JEFFERSON CITY, Mo. (AP) — Missouri lawmakers are returning to the capitol Monday for the second half of the 2018 legislative session in the shadow of legislative and criminal investigations into Republican Gov. Eric Greitens.
Republican leaders, who control both chambers, downplayed the impact of the governor’s legal problems on their work. A St. Louis grand jury indicted Greitens on felony invasion of privacy charges stemming from an extramarital affair in 2015, and the House of Representatives is conducting its own investigation. Separately, Attorney General Josh Hawley is investigating the charitable activities of The Mission Continues, a veterans charity Greitens founded, as it relates to the state’s consumer protection and charitable registration and reporting laws.

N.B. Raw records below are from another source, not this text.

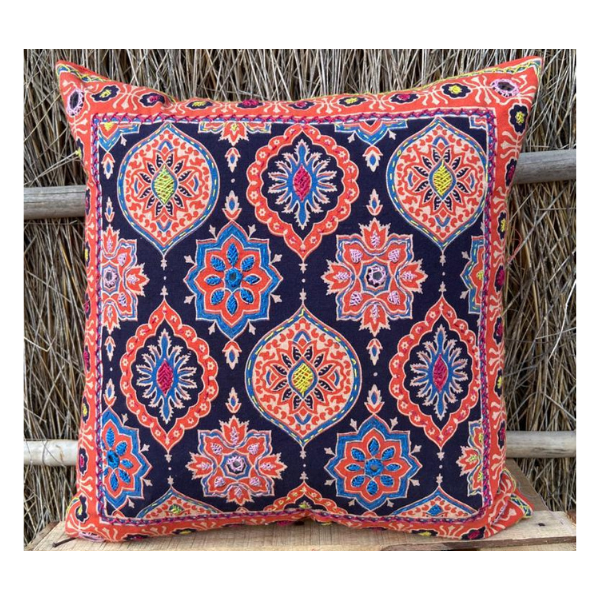 Ajrakh embroidery work Cushion Cover (16x16)"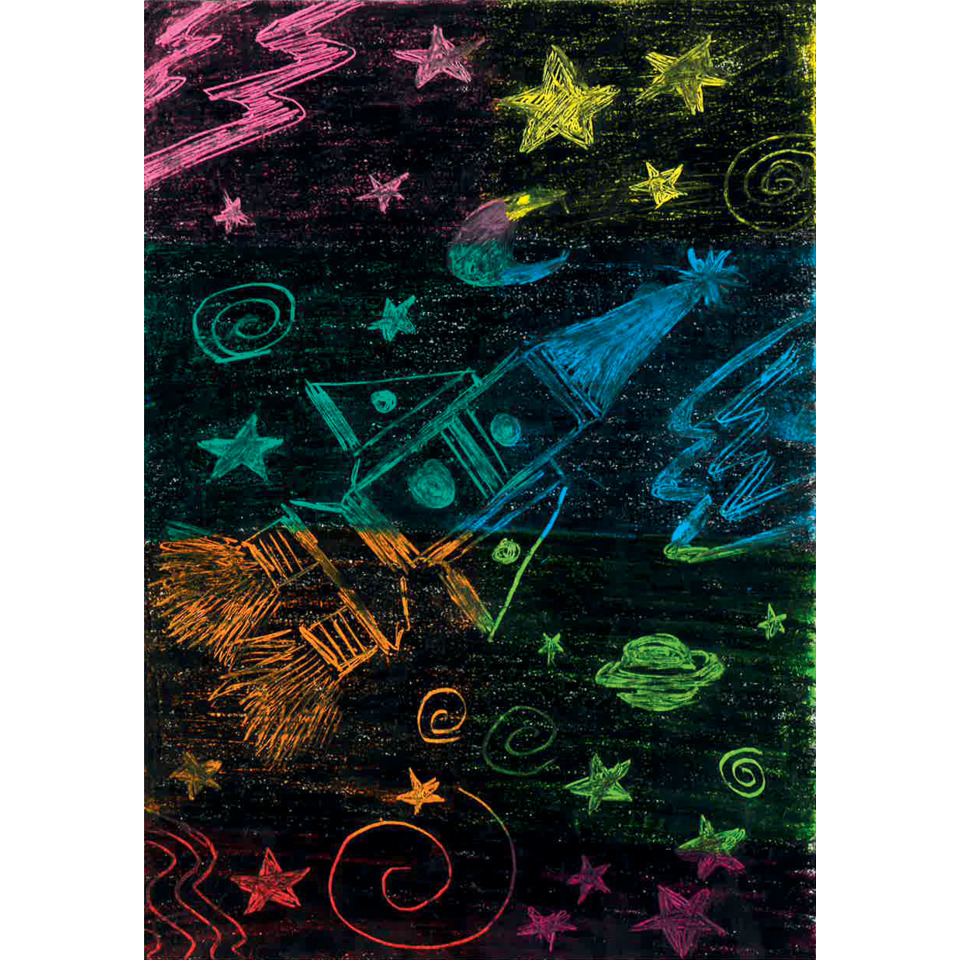 Kreidewand, Neonfarben, Rakete, Sterne, Weltraum-Doodle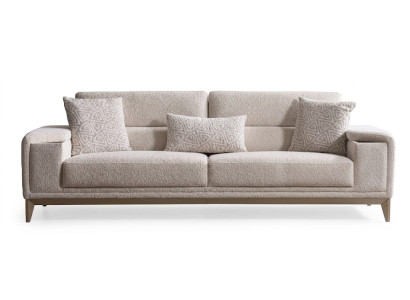 Beige 3-Sitzer Textil Holz Modern Zeitgenössisch Einfarbig Polsterung Komfort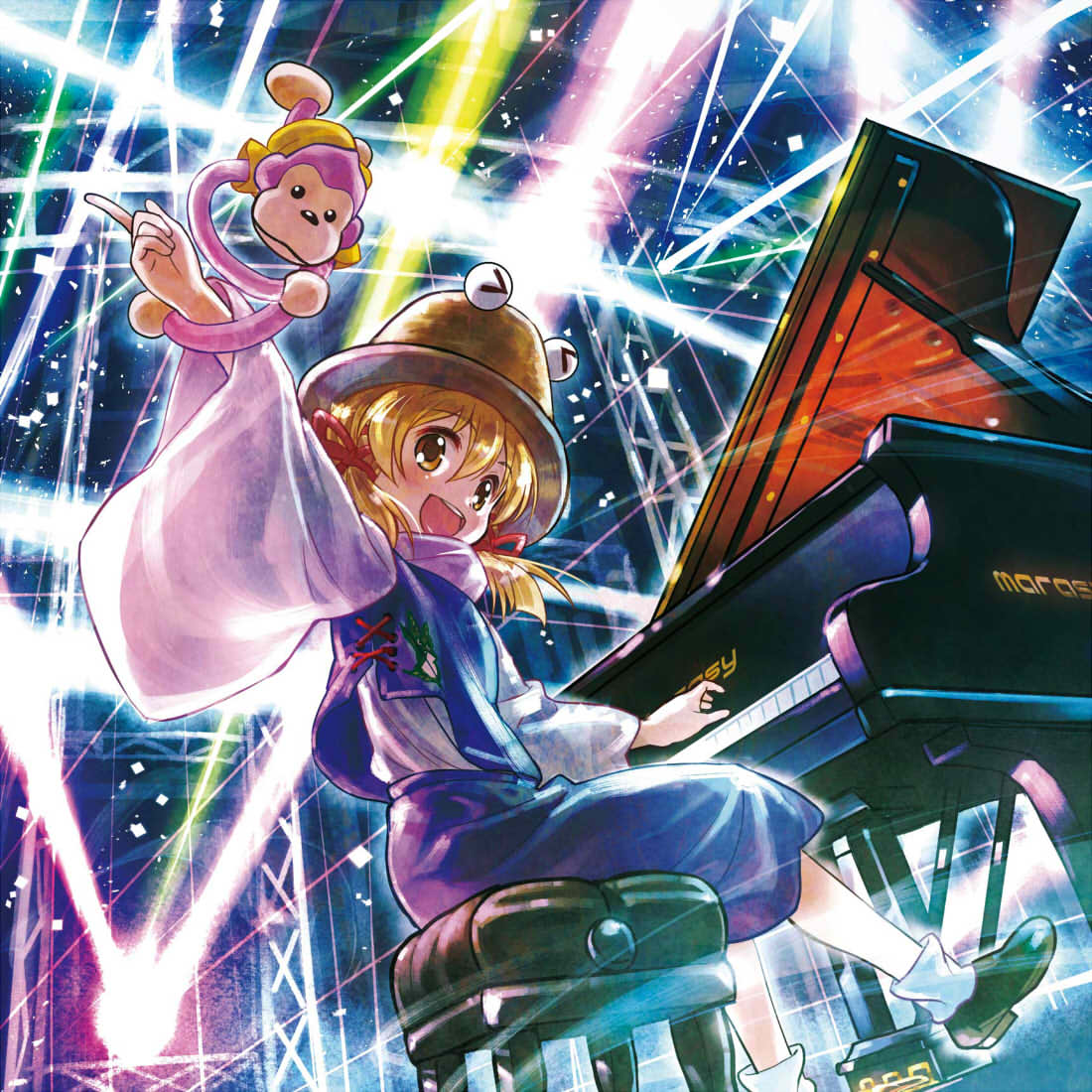 &gt;_&lt; 1girl :d blonde_hair brown_footwear commentary_request from_side hair_between_eyes hair_ribbon hat index_finger_raised instrument light_brown_hair long_sleeves looking_at_viewer looking_to_the_side low_twintails moriya_suwako music open_mouth piano playing_instrument purple_skirt purple_vest pyonta red_ribbon ribbon sakino_shingetsu shoes sitting skirt smile socks solo stool stuffed_animal stuffed_monkey stuffed_toy touhou twintails vest white_legwear wide_sleeves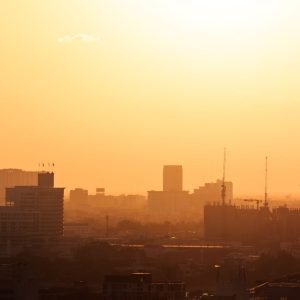 Hot hazy morning over city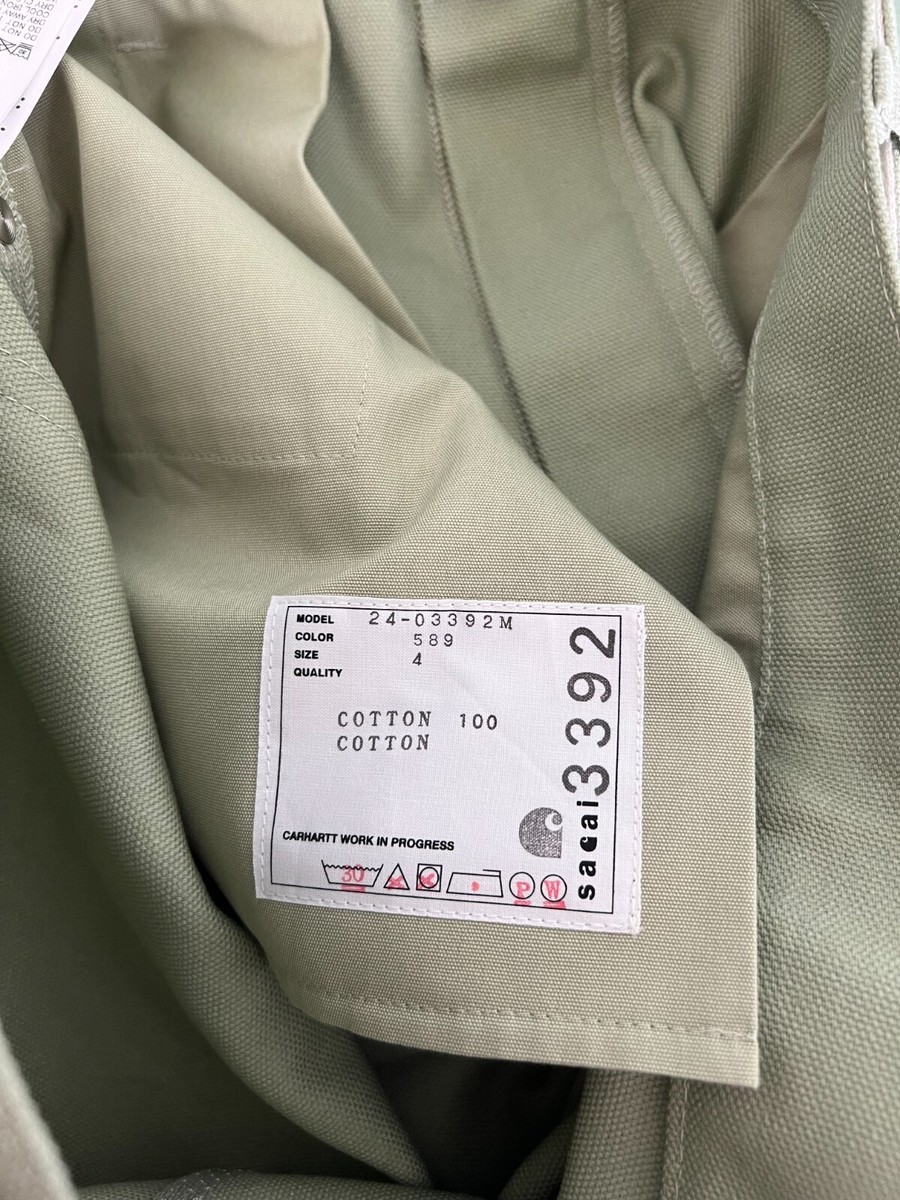 sacai x Carhartt WIP Duck Shorts - Size JP 4 - Green - NEW sacai x Carhartt WIP Duck Shorts - Size JP 4 - Green - NEW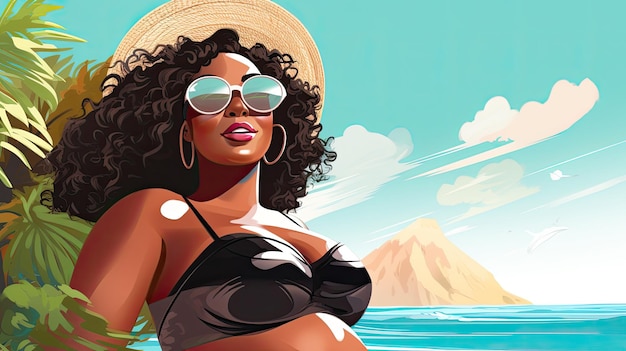 Młoda czarna kobieta w stroju kąpielowym ciesząca się wakacjami na plaży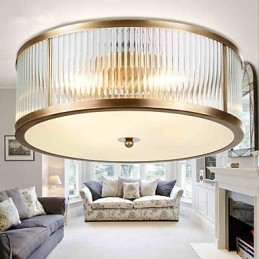 Traditionel Klassisk Rustik Lodge Messing Metal Flush Mount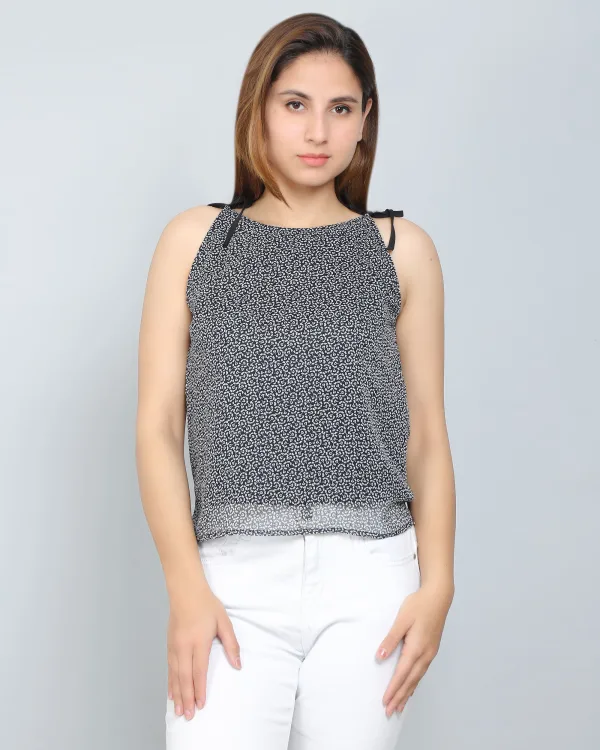 Black Ditsy Floral Tie-Up Top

Senate President Pro Tem Ron Richard, R-Joplin, said that business was continuing as usual despite “a lot of the noise going on.”
The Missouri Senate approved 64 bills during the first half of the session. The House passed 161, the most in a decade. Aside from some movement on legislation to help children in foster care, little progress has been made on top policies proposed by the governor.
Only one bill has become law so far. It will require hotels, airports, and other establishments to display posters with information about human trafficking. The proposal had long been championed by Republican Rep. Cloria Brown of St.